In Berlin war in den dreißiger Jahren die Leitung des königlichen Theaters einem Herrn Cerf anvertraut. Ihm fehlten nicht nur literarische und musikalische Kenntnisse, sondern überhaupt Erziehung und Bildung. Er hatte das Glück, daß König Friedrich Wilhelm III. dieses Theater sehr gern und oft besuchte. Cerf hatte eine gute Oper mit ganz hervorragenden Kräften und einen Komiker, unseren Fritz Beckmann, den berühmten »Eckensteher Nante«, gewonnen, der vom königsstädtischen Theater in den Verband des K. k. Hofburgtheaters mit Dekret (eine Auszeichnung, die einzig dastand) aufgenommen wurde und zu den Lieblingen dieses Kunstinstituts bis zu seinem Tode den 6. September 1866 gehörte.

Das abwechselnde Repertoire zog das Publikum mächtig ins Königstädtische Theater; Cerf machte brillante Geschäfte. Nicht nur König Friedrich Wilhelm III., sondern auch Prinz Karl fand Wohlgefallen an dem ungebildeten aber praktischen Geschäftsmann, dem sie es nachsahen, wenn er sich in ihrer Gegenwart in zwangloser Form bewegte und äußerte. Wenn die hohen Herrschaften sich zum Besuch des Theaters angesagt hatten, wartete Cerf an der Tür, um sie bei der Ankunft am Wagenschlag zu begrüßen. Eines Abends fuhr Prinz Karl vor. Cerf stand, wie immer, zum Empfange am Wagen. Ein Schusterjunge, der vorbeiging, rief »Schafskopf«. Cerf sagte sofort: »Königliche Hoheit, er hat mir gemeint.« »Das hoffe ich«, erwiderte der Prinz lachend.
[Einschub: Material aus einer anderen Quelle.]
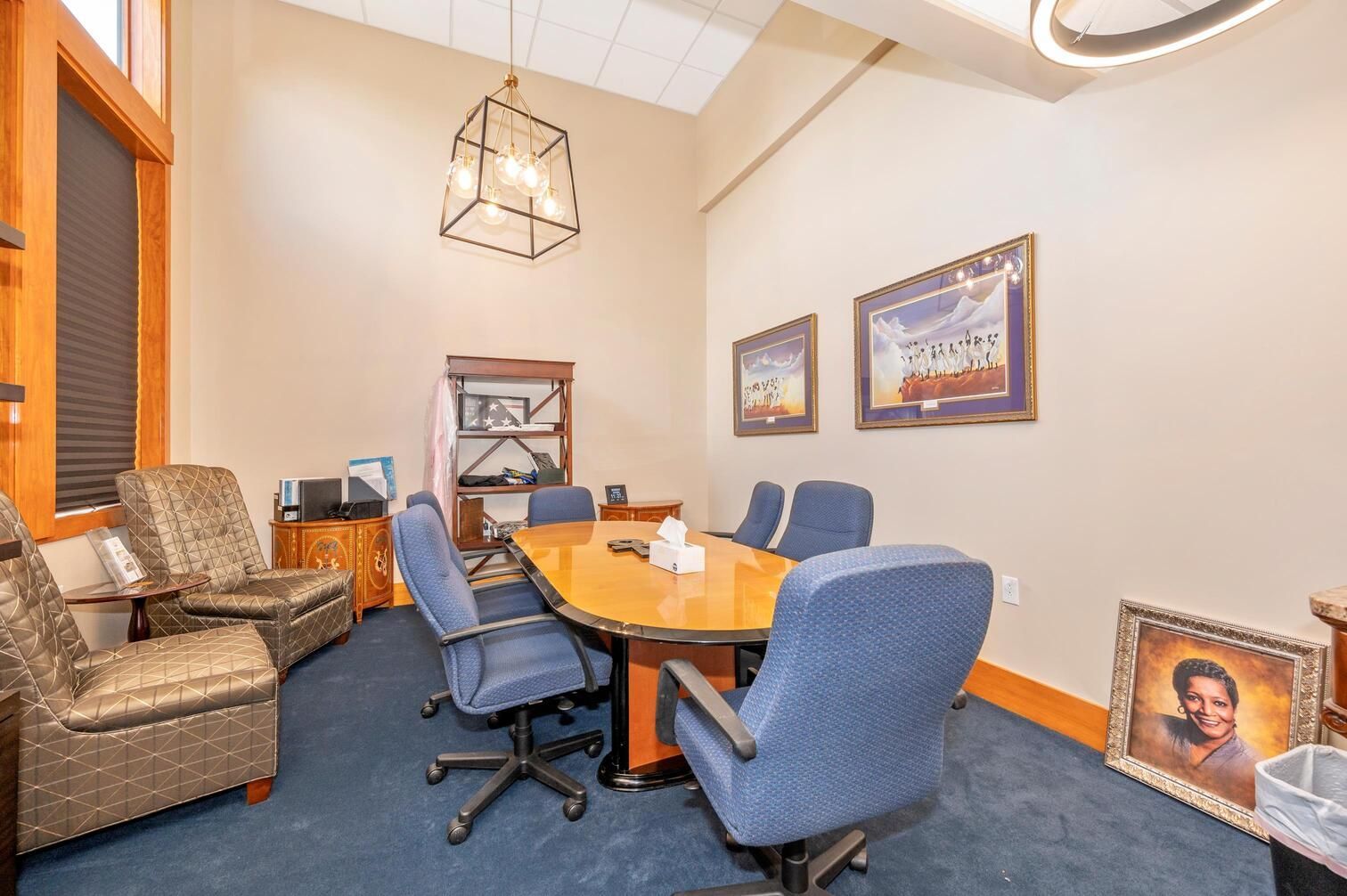 Conference room with blue chairs, wooden table, beige walls, and framed artwork.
Die Loge des Königs befand sich im Proszenium dicht an der Bühne. Es gehörte zu den Gewohnheiten des Monarchen, über die Brüstung seiner Loge nach der Bühne und ebenso auch nach dem Auditorium zu schauen und dabei den Kopf vorzustrecken. Eines Abends, als sich Cerf in der Loge des Königs befand, beugte sich dieser wieder einmal mit dem Kopfe über die Brüstung. Darauf sagte Cerf wörtlich: »Bitte, Majestät, nicht den Kopf so weit vorzustrecken, die Schweinigels oben spucken oft herunter.« Mit Lächeln nahm der König den gutgemeinten Rat an.

Cerf war ein tüchtiger Theaterleiter, erzielte große Einnahmen und wußte genau, was er wollte. Ein Komiker, Herr Vogel, der bei ihm auf Engagement gastierte und nicht besonders gefallen hatte, kam am anderen Morgen zu ihm. Cerf spielte den Zerstreuten, tat, als ob er ihn gar nicht kenne, fragte ihn nach seinem Namen. »Mein Name ist Vogel.« – »Vogel? Vogel? Sind sie der Vogel von jestern abend?« – »Ja, Herr Kommissionsrat.« – »Fliegen Sie ruhig weiter«, war die Antwort.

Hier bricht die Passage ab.